## Extracted information
◆ ◆ ◆ ◆
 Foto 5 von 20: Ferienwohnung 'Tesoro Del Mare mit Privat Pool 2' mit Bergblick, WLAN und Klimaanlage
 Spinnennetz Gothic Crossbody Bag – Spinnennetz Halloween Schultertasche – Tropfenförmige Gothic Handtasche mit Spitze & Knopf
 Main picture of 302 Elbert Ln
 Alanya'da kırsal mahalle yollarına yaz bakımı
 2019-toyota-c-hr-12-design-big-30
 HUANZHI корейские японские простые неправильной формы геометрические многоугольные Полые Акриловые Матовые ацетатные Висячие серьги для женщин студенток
◆ ◆ ◆ ◆
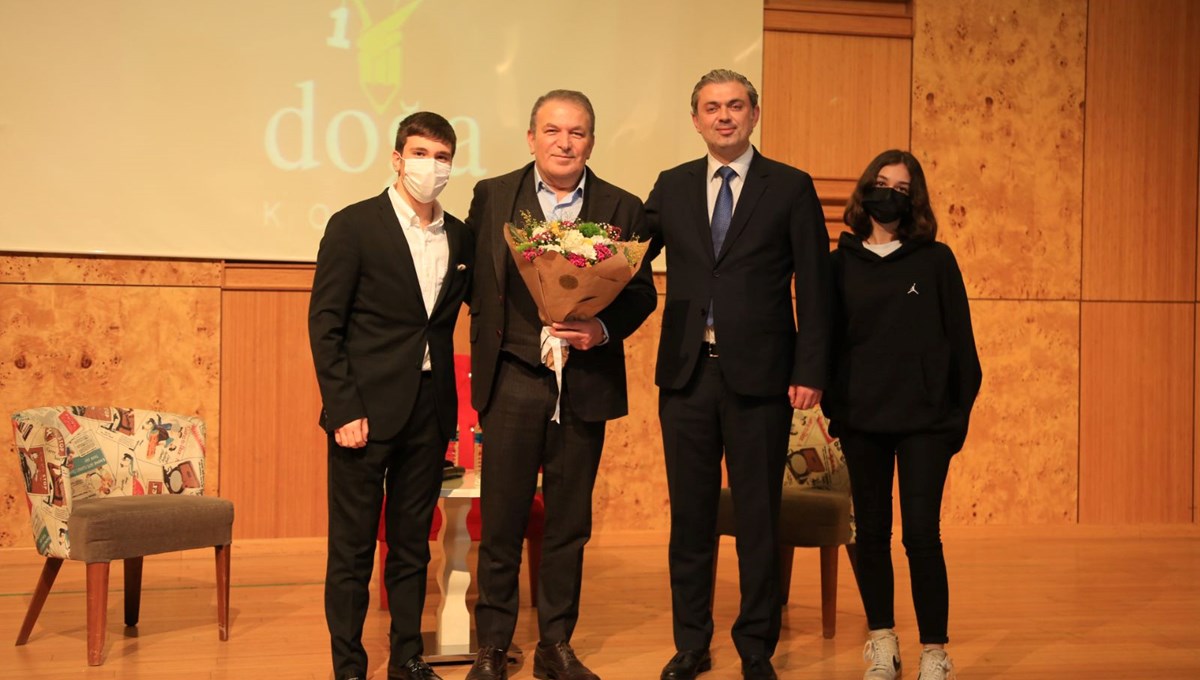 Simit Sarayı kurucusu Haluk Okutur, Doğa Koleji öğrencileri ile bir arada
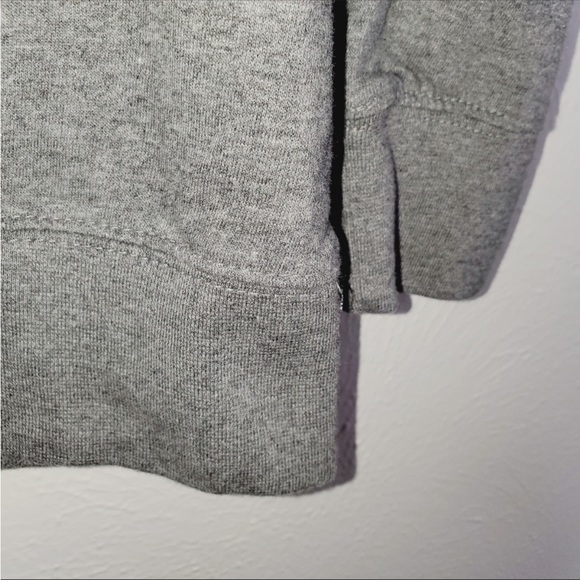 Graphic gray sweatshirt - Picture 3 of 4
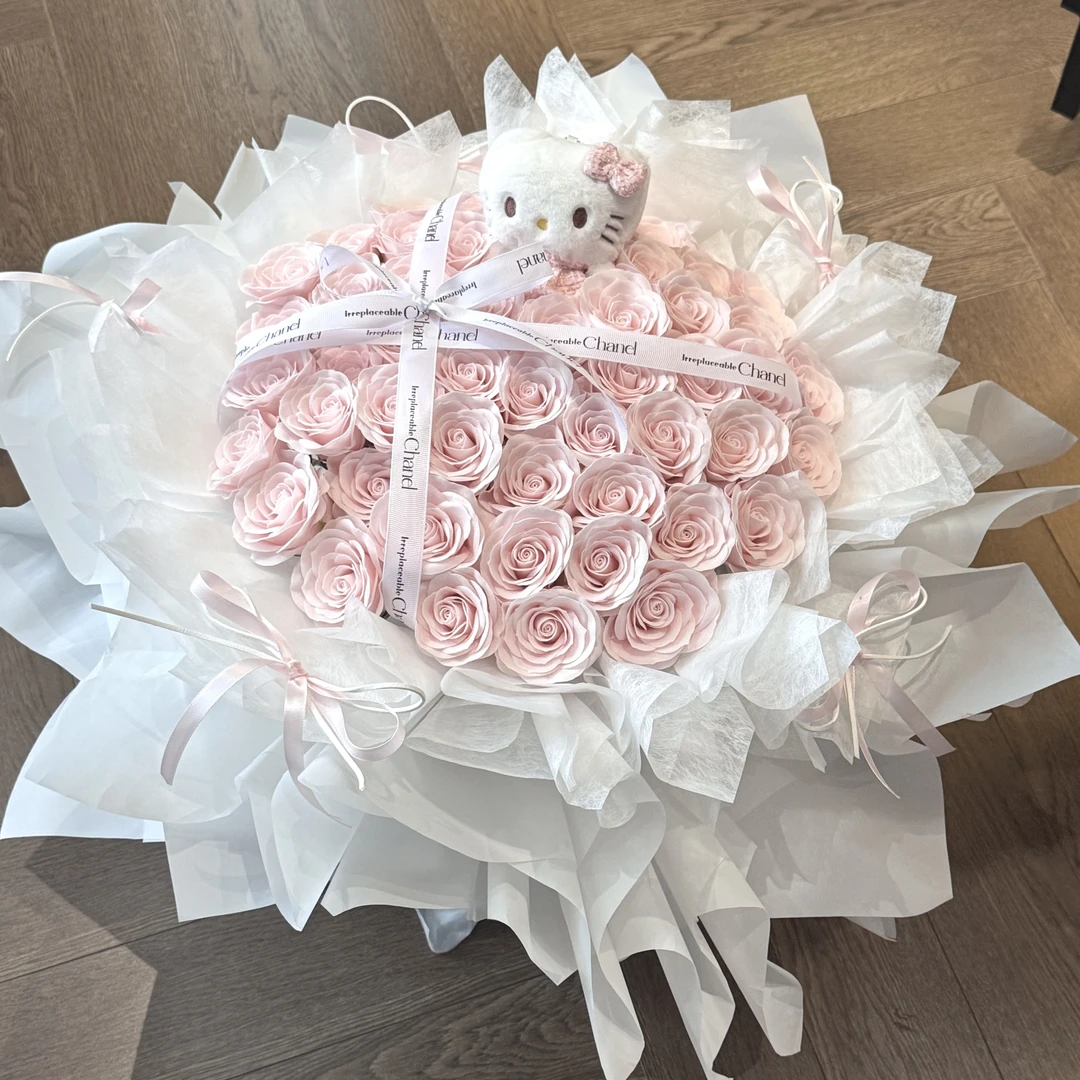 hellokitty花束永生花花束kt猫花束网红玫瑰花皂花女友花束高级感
◆ ◆ ◆ ◆
## What is needed
Output exactly the lines above that lie between the line with "Simit Sarayı kurucusu" and the line with "hellokitty花束永生花花束kt猫花束网红玫瑰花皂花女友花束高级感", those two lines included, and no pictures.

## Finished exercise
 Simit Sarayı kurucusu Haluk Okutur, Doğa Koleji öğrencileri ile bir arada
 Graphic gray sweatshirt - Picture 3 of 4
 hellokitty花束永生花花束kt猫花束网红玫瑰花皂花女友花束高级感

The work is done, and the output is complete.